As equipes realizam diligências em endereços ligados aos investigados nos municípios de Sinop, Alta Floresta, Marcelândia e Ribeirão Preto (SP). Dessa forma, a operação avança sobre suspeitos apontados como integrantes da estrutura logística do tráfico internacional de drogas. Paralelamente, os policiais buscam reunir novos elementos que fortaleçam as investigações em andamento.
A apreensão que deu origem à operação
A Operação Mállku surgiu a partir da apreensão de mais de meia tonelada de cocaína realizada em fevereiro deste ano por equipes da Polícia Federal e do Gefron, em Marcelândia. Na ocasião, os agentes localizaram uma aeronave utilizada no transporte da droga em uma propriedade rural.
Além da carga ilícita, as equipes apreenderam uma arma de fogo e um veículo que prestava apoio logístico à atividade criminosa. Com isso, os investigadores conseguiram reunir provas importantes para identificar suspeitos e compreender a dinâmica da organização.

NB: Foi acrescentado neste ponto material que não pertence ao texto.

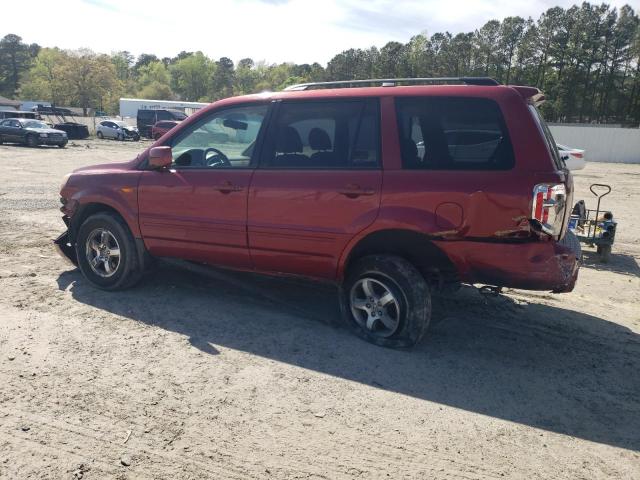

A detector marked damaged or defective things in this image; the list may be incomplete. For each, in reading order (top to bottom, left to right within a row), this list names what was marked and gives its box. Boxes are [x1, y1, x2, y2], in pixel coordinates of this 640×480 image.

damaged red suv [55, 79, 580, 348]
crumpled rear bumper [440, 240, 580, 292]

Rota clandestina cruzava a fronteira
Segundo a Polícia Federal, as diligências revelaram que a cocaína apreendida teve origem na Bolívia. Em seguida, a droga ingressava em território brasileiro por meio de uma rota aérea clandestina voltada ao abastecimento de grupos criminosos.
Além disso, os investigadores identificaram indícios da existência de uma estrutura organizada responsável pela internalização do entorpecente no país. Dessa maneira, as provas apontam para uma rede que atuava desde o transporte até o suporte operacional das cargas ilícitas.
Investigação continua em andamento
Agora, a Polícia Federal busca aprofundar a coleta de provas e identificar todos os envolvidos no esquema. Ao mesmo tempo, os agentes analisam documentos, equipamentos e demais materiais apreendidos durante o cumprimento dos mandados.
Por fim, a corporação informou que as investigações continuam. Assim, novas medidas poderão ser adotadas conforme o avanço das apurações e o surgimento de novos elementos de prova.